The numerical value was converted at 72 Hr. 4 g / m / 72 Hr or less was evaluated as ○, and a value larger than 4 g / m / 72 Hr was evaluated as x. (D) Flexibility test As shown in FIG. 2, the rollers 6 were arranged at a span of 200 mm, and the above-mentioned hose 7 was placed thereon. The central part of the distance between the rollers was pressed to bend until the hose kinked, and the maximum pressure (kg · f) generated at that time was measured. A value of 2.2 kg · f or less was evaluated as ○, and a value larger than 2.2 kg · f was evaluated as ×.

[0036]

[Table 4]

[0037]

[Table 5]

[0038]

[Table 6]

[0039]

[Table 7]

From the results of Tables 4 to 7, it was confirmed that the refrigerant transport hose of the present invention was excellent in heat aging resistance, heat resistance to PAG oil, gas permeability, and flexibility.

[0041]

The refrigerant transport hose of the present invention has good flexibility, good workability, excellent heat aging resistance, can withstand high temperature conditions in an engine room, and has excellent gas permeation resistance. It has high R-134a gas barrier properties and excellent heat resistance PAG oil properties. Therefore, the hose of the present invention is suitable as a hose for a refrigerant transport pipe of a car cooler or an air conditioner of an automobile.

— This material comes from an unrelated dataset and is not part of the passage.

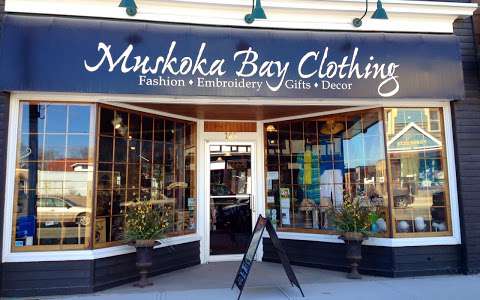Muskoka Bay Clothing Factory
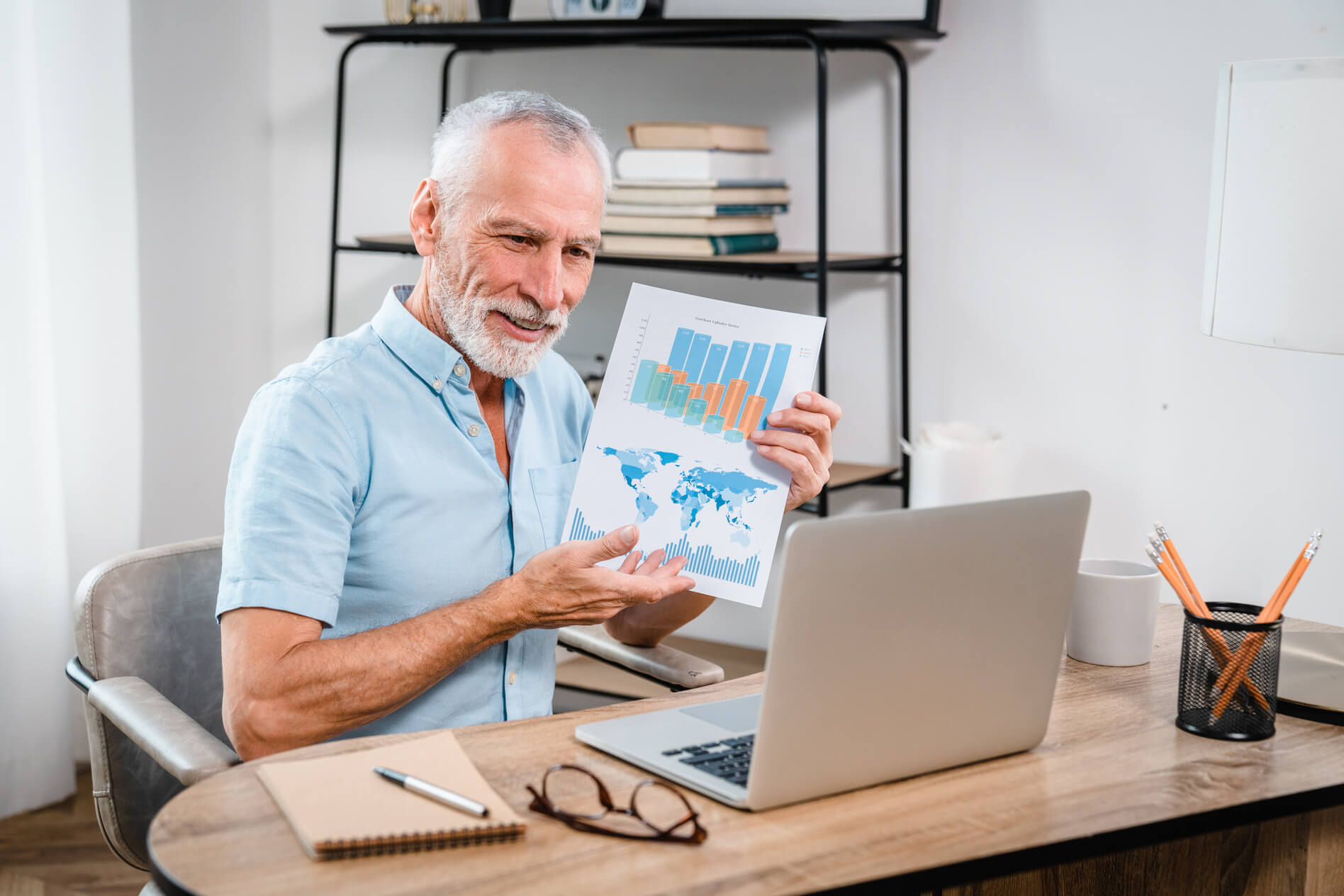 Retirement planning course overview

[Brief description of the drawings]

FIG. 1 is a schematic view of a hose for transporting refrigerant according to one embodiment of the present invention.

FIG. 2 is a schematic sectional view showing a flexibility test method in an experimental example.

[Explanation of symbols]

 DESCRIPTION OF SYMBOLS 1 Resin layer 2 Inner tube rubber layer 3 Inner tube layer 4 Intermediate rubber layer containing a reinforcing thread 5 Outer rubber 6 Roller 7 Hose

──────────────────────────────────────────────────続 き Continuation of the front page (56) References JP-A-4-107383 (JP, A) JP-A-5-309790 (JP, A) Patent 2807799 (JP, B2) (58) Fields investigated (Int. Cl. ⁷ , DB name) F16L 11/08 B32B 1/08 B32B 25/08 B32B 27/34

Claims (2)

(57) [Claims] A sea-island structure in which an innermost layer has a sea phase mainly composed of a nylon resin and an island phase containing a copolymer of isobutylene and paramethylstyrene in which some of the hydrogen atoms in the molecule are halogenated. A hose for transporting refrigerant, formed from a resin layer having: 2. The hose according to claim 1, wherein the content of the copolymer is 15 to 40% by weight based on the total amount of all the nylon resin and the copolymer.